OP here. I'm so sorry for you too. We definitely were far from perfect parents. We made our mistakes but we always tried the best and lived our children
Your daughter, is your situation similar to mine? Is she older or younger? What is her narrative and what happened? These things, there is a sense of shame, and I am not very open with people about this. It is interesting and comforting to know we are not alone, even if it is a random message board stranger who I will never actually know.
Anonymous wrote:I'm very sorry, OP. What your daughter is doing is not right, but you are kind of powerless to do anything about it unless you want to call her out as a liar, which will cause more harm than good. IMO, the best course of action may be to come up with a couple of sentences that skirt her "recovering alcoholic" narrative, e.g., "DH was motivated to stop drinking for health reasons. We [or he] never saw his drinking as problematic, but he is much healthier now so it was definitely the right decision for him."

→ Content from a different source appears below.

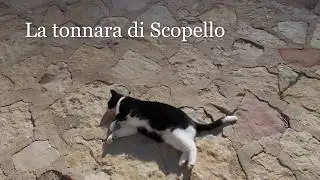 La tonnara di Scopello (Castellammare del Golfo - Trapani)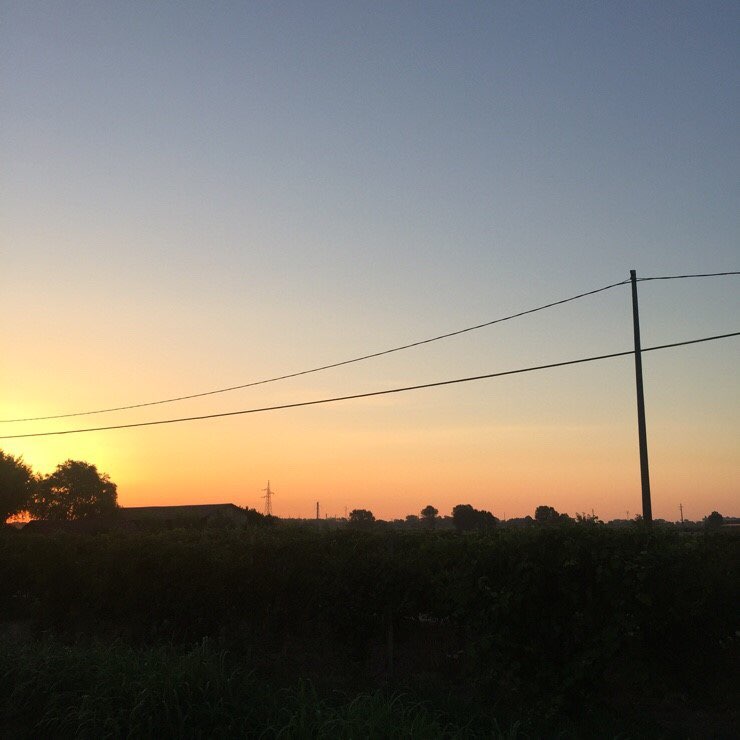 KakaoTalk_20170310_042521300.jpg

People who remain in your lives will eventually realize that your daughter was exaggerating. The opinions of those who don't remain in your lives won't matter in the long run.
Anonymous wrote:“I’m sorry you won’t be joining us for the holidays. Talk to you soon.”
Honestly, you need some space from her. I hope you’re not supporting her financially in any way. Let her take care of herself. Stop engaging in this nonsense. You don’t need to talk with her right now more than 1-2x a month. Keep your conversations superficial. She’s getting a rise out of you with this drama. Take the oxygen out of this room.
Anonymous wrote:I am so sorry. That sounds like a nightmare.
Hopefully, as she matures, she will have a less distorted perspective.
It sounds like you and your husband were good parents. I hope that you can find some peace and enjoyment in the lives you now share.
Hugs, from another mom, who is unappreciated and criticized by a daughter who I devoted myself to with unconditional love.
Anonymous wrote:Your daughter is seriously messed up in the head. Is she a narcissist?